• DATA PROVIDED
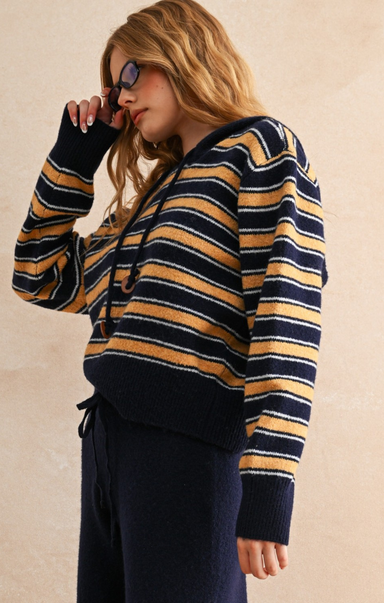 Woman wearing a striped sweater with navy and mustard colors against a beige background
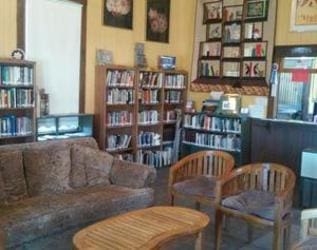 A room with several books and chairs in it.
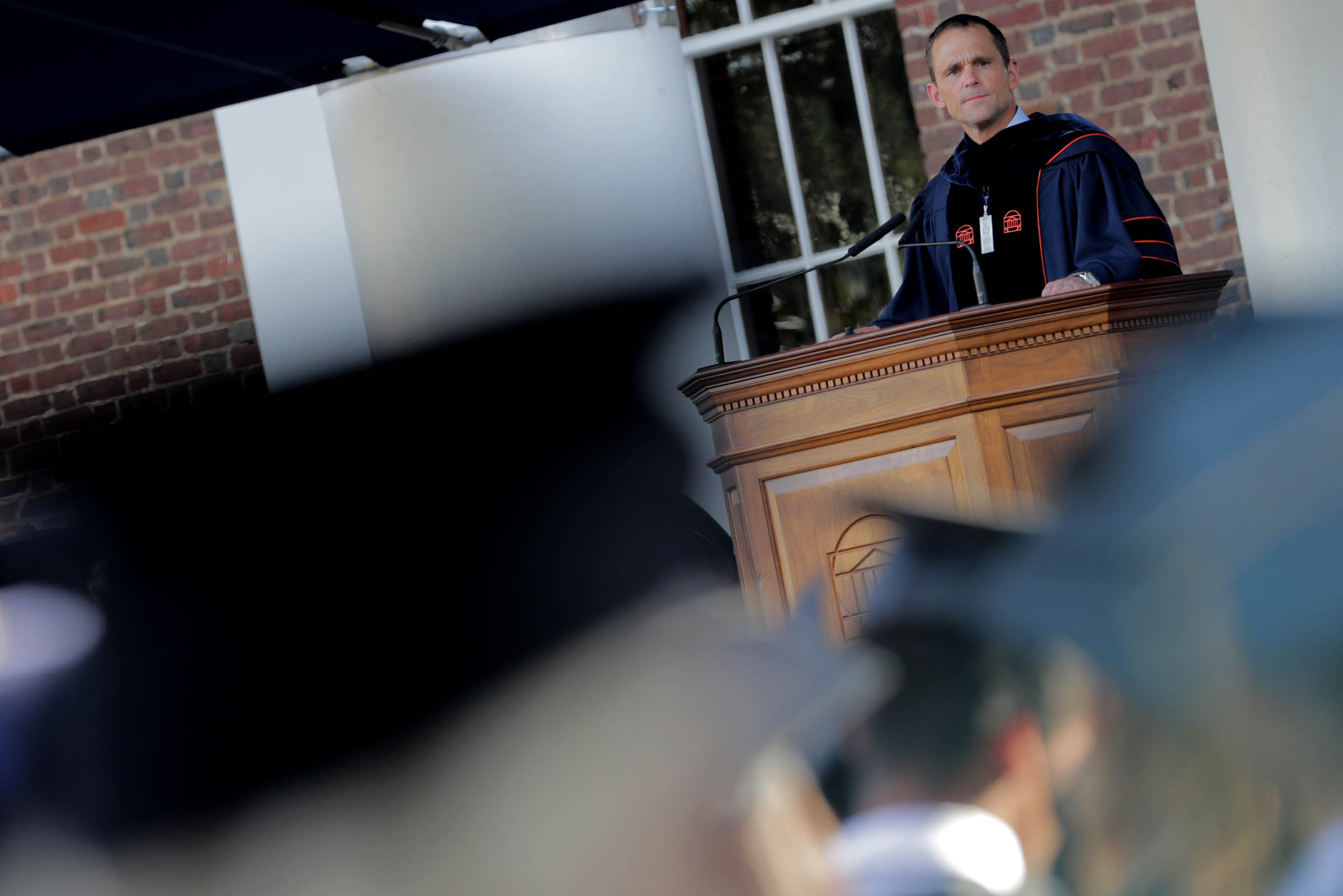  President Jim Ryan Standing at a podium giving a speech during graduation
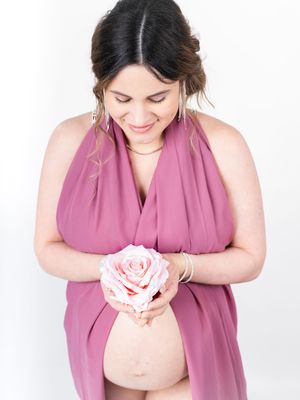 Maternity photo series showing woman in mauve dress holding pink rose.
==
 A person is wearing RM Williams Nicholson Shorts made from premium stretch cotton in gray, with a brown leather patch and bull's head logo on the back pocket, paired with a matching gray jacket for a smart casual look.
...
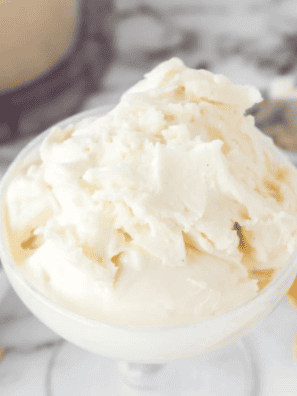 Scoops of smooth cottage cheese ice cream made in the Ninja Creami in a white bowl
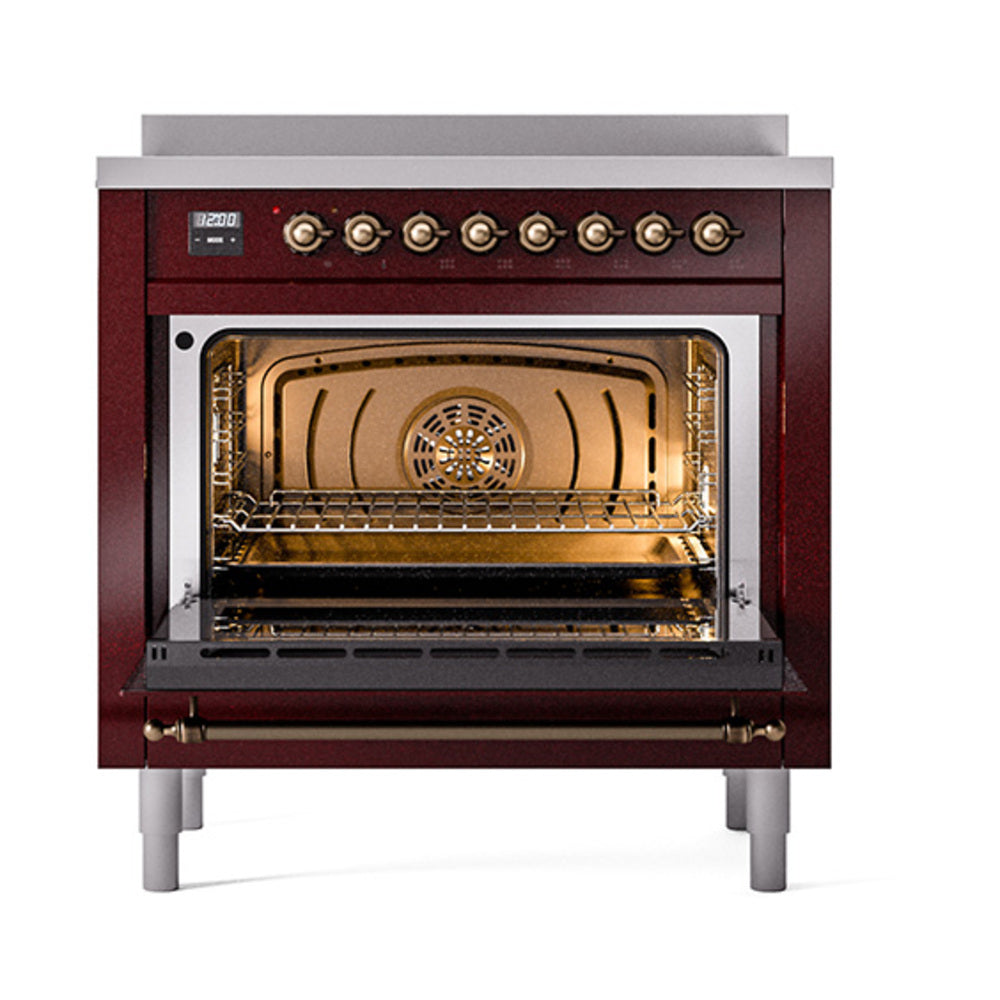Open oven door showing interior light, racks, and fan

• REQUIREMENT
With pictures omitted, repeat the entries above word for word from the line holding "Scoops of smooth" down to the line holding "Open oven door", keeping both of those lines.

• ANSWER
 Scoops of smooth cottage cheese ice cream made in the Ninja Creami in a white bowl
Open oven door showing interior light, racks, and fan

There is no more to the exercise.